«Il prefetto convocherà Regione, Provincia e comuni per trovare rapidamente una soluzione per la tendopoli di San Ferdinando. Il problema non può essere scaricato sui sindaci. Ma lo sgombero delle baracche è un pericolo da scongiurare». Sono le prime mosse del ministero dell’Interno, annunciate dal viceministro Filippo Bubbico, dopo le ripetute denunce di
Avvenire sul dramma degli immigrati nella Piana di Gioia Tauro. Ma per il futuro indica una soluzione più duratura. «Voglio coinvolgere le organizzazioni agricole perché, come è accaduto ad esempio nel Trentino, gli imprenditori agricoli che beneficiano della presenza dei lavoratori migranti, devono farsi carico della loro ospitalità, collaborando con gli enti locali e la Regione».

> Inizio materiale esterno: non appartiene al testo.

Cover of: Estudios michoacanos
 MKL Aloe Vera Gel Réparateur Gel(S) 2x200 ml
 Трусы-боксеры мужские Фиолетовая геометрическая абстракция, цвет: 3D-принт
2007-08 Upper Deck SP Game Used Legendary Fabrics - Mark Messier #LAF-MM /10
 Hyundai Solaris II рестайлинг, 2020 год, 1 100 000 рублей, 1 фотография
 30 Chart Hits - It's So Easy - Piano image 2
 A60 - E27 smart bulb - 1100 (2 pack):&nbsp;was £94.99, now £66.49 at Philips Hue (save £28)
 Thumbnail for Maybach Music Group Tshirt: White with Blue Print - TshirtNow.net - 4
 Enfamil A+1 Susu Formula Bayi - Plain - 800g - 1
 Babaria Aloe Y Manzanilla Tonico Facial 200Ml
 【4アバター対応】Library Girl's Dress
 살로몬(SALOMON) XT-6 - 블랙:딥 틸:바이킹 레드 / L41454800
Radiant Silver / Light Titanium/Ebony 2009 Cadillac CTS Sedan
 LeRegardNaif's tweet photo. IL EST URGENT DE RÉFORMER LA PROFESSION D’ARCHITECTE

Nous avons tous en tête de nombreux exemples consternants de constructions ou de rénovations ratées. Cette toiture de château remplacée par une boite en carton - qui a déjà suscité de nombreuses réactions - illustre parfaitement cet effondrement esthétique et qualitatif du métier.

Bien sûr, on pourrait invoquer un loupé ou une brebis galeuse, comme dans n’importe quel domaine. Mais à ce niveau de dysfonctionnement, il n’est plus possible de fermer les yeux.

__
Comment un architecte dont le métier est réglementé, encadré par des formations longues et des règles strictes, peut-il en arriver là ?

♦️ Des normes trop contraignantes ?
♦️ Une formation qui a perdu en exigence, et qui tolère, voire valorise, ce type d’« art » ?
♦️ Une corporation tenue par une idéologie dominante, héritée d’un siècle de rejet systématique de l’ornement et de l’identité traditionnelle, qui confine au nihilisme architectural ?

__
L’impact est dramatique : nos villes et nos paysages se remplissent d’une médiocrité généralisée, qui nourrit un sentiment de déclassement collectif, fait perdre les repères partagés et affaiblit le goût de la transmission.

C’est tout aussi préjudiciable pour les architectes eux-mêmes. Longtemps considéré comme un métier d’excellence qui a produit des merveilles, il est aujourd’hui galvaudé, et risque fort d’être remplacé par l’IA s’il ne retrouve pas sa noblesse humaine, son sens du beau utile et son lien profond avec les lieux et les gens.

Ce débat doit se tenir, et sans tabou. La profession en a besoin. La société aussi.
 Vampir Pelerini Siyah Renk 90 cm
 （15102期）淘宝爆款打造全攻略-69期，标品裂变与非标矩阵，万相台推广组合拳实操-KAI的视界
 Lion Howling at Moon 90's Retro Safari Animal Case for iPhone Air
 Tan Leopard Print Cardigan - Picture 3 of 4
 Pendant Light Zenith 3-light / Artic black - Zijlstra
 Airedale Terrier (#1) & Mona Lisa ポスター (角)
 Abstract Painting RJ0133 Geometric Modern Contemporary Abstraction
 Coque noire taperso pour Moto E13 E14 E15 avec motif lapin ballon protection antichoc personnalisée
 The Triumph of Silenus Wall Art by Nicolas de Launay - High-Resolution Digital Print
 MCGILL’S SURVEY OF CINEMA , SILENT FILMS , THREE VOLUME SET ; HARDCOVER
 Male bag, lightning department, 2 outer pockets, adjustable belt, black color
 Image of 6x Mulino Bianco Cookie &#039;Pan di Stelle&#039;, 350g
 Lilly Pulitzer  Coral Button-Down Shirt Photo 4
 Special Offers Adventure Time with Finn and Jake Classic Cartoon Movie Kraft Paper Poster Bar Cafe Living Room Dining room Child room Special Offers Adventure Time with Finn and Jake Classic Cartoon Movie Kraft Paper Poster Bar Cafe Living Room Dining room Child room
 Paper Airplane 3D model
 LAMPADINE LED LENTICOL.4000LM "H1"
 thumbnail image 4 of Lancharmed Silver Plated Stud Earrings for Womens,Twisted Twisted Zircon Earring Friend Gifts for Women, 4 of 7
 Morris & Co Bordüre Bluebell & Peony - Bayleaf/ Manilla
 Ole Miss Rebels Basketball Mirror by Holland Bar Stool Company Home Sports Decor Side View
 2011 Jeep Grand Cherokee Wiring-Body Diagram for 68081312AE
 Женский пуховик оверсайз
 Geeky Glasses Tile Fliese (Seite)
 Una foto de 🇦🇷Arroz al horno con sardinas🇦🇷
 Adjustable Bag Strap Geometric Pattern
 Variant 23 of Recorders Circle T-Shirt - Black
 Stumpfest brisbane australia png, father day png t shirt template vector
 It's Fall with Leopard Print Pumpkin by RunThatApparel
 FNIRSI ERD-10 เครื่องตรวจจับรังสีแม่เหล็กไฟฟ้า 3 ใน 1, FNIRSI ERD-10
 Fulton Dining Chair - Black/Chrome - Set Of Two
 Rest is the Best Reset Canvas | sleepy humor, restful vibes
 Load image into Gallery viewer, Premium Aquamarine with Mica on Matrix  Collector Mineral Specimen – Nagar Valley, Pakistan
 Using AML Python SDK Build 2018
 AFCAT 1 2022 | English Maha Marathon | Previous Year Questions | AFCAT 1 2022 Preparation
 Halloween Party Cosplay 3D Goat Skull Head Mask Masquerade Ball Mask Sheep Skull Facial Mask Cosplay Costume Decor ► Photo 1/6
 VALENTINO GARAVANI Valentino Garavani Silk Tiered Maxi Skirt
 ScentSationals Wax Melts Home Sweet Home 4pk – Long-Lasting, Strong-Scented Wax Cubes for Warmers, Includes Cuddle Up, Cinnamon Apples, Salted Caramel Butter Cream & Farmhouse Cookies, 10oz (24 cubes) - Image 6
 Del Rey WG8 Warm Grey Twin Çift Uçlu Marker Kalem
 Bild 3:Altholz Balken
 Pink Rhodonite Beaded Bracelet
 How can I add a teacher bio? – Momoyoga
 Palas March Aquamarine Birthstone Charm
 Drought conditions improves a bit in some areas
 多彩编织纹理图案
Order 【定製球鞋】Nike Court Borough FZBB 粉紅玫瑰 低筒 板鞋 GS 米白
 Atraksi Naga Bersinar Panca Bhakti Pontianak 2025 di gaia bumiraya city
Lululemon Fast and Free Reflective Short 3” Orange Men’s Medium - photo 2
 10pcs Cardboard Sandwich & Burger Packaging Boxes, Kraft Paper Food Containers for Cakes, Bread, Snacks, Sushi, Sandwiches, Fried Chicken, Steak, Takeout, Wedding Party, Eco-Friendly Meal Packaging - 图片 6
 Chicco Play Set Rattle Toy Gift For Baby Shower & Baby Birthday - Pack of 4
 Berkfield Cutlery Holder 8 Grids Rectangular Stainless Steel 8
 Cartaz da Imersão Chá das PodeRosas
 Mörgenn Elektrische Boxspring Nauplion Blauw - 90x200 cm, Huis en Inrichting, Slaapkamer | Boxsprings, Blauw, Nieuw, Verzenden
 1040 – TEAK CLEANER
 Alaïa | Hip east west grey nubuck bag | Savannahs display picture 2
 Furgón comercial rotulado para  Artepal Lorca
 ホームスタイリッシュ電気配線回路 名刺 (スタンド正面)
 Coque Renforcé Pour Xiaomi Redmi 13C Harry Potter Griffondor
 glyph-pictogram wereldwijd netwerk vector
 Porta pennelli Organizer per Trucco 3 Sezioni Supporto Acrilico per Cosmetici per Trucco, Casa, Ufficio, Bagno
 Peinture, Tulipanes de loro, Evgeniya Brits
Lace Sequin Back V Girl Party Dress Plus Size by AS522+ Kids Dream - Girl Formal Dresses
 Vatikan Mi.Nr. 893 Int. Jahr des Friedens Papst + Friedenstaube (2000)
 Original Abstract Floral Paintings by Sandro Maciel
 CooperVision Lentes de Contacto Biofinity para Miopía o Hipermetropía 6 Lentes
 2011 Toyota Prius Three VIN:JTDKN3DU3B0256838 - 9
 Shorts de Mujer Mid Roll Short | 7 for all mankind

Insomma per ora non si è fatto niente...La prefettura mi ha segnalato «l’indisponibilità» di enti locali e altre istituzioni ad accogliere gli immigrati «anche in piccoli gruppi». Nei prossimi giorni i sindaci saranno ricevuti dal prefetto. C’è da essere sicuri che prenderà in mano la situazione. L’ho chiamato non solo per sensibilizzarlo rispetto alla necessaria attenzione da prestare al problema, ma anche per suggerire un’iniziativa più incisiva tanto da chiamare intorno a un tavolo le istituzioni regionali e provinciali, perché il problema non può essere scaricato solo sui comuni e sull’impegno dei sindaci.
Questo nell’immediato ma per il futuro?Penso che sia doveroso e necessario pretendere l’impegno da parte delle organizzazioni del mondo agricolo perché queste persone sono lì in attesa di essere chiamate per lavori stagionali e quindi la loro presenza è strettamente necessaria e funzionale alle attività agricole. La Calabria come le altre regioni non può immaginare che il futuro di un’agricoltura capace di valorizzare la qualità e anche le caratteristiche proprie dei prodotti italiani, possa essere costruito sullo sfruttamento di manodopera e sulla riduzione in schiavitù di esseri umani.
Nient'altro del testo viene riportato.